Emporia State University School of Business and Technology
- Type: Business school
- Established: 1917
- Parent institution: Emporia State University
- Dean: Ed Bashasw
- Location: Emporia, Kansas, U.S. 38°25′04″N 96°10′51″W﻿ / ﻿38.417684°N 96.180722°W
- Website: www.emporia.edu/school-business/

= Emporia State University School of Business and Technology =

Business school of the Emporia State University

The Emporia State University School of Business and Technology is a public business school located on the main campus of the Emporia State University in Emporia, Kansas that is accredited by the Association to Advance Collegiate Schools of Business, and was founded in 1917.

==Student organizations and programs==
There are seven student organizations for School of Business students to be involved in, several of which include fraternities or sororities.
- Beta Alpha Psi
- Beta Gamma Sigma
- IS Club
- MBA Association
- Phi Beta Lambda
- Pi Omega Pi
- Marketing Club
- Enactus

===Koch Center for Leadership and Ethics===
The Koch Center for Leadership and Ethics focuses on the ethics within the business world. The School of Business received a quarter of a million dollar grant from the Fred and Mary Koch Foundation and Koch Industries. It has since disbanded.
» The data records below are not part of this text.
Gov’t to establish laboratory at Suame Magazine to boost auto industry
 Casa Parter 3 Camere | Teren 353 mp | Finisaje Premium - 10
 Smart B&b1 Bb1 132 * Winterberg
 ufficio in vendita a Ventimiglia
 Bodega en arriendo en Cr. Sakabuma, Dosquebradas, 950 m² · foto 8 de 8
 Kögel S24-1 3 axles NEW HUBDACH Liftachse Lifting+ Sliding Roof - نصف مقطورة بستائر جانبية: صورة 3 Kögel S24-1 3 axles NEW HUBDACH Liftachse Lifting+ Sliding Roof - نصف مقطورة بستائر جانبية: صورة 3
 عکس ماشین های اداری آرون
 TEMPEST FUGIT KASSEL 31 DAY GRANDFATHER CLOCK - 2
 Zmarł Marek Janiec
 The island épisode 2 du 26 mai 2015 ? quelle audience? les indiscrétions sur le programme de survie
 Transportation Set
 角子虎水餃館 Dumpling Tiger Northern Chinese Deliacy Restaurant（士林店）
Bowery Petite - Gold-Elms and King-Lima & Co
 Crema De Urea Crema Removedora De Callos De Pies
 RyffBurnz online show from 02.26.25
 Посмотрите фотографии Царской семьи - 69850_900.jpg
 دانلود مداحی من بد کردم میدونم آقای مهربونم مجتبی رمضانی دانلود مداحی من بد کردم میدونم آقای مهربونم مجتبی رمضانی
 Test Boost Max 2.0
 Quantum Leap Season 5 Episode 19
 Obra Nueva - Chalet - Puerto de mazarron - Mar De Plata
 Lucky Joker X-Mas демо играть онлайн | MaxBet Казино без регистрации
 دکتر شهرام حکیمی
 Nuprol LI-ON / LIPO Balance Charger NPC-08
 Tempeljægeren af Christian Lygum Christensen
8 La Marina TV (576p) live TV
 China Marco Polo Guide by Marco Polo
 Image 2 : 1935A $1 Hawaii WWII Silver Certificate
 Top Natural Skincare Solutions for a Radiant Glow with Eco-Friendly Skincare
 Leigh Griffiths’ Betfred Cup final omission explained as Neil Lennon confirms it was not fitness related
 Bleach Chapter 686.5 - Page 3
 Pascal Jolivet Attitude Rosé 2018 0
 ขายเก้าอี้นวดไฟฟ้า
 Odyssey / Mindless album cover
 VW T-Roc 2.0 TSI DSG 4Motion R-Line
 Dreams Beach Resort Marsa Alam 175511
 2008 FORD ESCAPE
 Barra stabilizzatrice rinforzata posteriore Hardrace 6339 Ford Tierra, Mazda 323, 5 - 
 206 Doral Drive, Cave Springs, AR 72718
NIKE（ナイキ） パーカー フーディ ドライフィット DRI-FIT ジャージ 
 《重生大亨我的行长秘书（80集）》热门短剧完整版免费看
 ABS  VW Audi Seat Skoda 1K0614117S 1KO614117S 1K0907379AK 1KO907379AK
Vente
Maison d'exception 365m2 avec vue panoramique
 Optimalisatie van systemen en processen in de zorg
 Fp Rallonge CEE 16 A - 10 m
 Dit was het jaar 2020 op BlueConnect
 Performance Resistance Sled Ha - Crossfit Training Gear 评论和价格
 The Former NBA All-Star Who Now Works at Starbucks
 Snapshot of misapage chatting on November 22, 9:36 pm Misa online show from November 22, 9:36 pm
===Small Business Development Center===
The Small Business Development Center trains students and the public on how to start a business.

==Notable alumni==

- William Coffin Coleman – founder of Coleman Company. Taught school at Ottawa University for a year before serving as principal of Blue Rapids schools for a year. Coleman also served as mayor of Wichita in 1923 and 1924.